Collected data
____

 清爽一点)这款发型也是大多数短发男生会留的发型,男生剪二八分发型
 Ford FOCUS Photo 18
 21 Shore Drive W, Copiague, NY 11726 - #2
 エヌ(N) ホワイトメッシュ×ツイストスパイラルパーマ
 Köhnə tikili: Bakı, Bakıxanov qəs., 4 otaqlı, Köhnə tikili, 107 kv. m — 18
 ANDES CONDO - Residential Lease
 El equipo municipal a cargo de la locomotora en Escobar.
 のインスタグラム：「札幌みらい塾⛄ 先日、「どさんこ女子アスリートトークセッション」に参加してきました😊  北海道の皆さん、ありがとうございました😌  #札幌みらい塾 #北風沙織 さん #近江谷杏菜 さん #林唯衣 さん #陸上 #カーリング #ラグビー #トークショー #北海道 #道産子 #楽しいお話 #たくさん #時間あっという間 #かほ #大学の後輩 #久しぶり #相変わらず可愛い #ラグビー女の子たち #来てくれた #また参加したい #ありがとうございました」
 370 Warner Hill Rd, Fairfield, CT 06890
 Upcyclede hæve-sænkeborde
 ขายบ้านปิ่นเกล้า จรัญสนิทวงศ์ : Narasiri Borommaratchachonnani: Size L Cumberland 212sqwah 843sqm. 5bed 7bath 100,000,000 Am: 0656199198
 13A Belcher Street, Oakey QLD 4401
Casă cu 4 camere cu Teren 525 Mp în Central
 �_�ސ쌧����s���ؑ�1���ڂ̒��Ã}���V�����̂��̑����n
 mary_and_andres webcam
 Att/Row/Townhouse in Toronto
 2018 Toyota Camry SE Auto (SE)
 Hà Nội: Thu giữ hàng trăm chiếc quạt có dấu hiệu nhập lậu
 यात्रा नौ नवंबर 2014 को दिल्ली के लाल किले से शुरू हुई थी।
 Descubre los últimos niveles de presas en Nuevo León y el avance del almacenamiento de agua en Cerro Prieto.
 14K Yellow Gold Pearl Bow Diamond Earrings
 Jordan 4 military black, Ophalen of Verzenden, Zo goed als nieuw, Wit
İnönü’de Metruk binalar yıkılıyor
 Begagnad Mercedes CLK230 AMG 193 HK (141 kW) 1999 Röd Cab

____

Problem requirements: Output the lines above between the one holding "El equipo municipal" and the one holding "ขายบ้านปิ่นเกล้า จรัญสนิทวงศ์ : Narasiri", inclusive, with nothing before or after them.

Your solution:
 El equipo municipal a cargo de la locomotora en Escobar.
 のインスタグラム：「札幌みらい塾⛄ 先日、「どさんこ女子アスリートトークセッション」に参加してきました😊  北海道の皆さん、ありがとうございました😌  #札幌みらい塾 #北風沙織 さん #近江谷杏菜 さん #林唯衣 さん #陸上 #カーリング #ラグビー #トークショー #北海道 #道産子 #楽しいお話 #たくさん #時間あっという間 #かほ #大学の後輩 #久しぶり #相変わらず可愛い #ラグビー女の子たち #来てくれた #また参加したい #ありがとうございました」
 370 Warner Hill Rd, Fairfield, CT 06890
 Upcyclede hæve-sænkeborde
 ขายบ้านปิ่นเกล้า จรัญสนิทวงศ์ : Narasiri Borommaratchachonnani: Size L Cumberland 212sqwah 843sqm. 5bed 7bath 100,000,000 Am: 0656199198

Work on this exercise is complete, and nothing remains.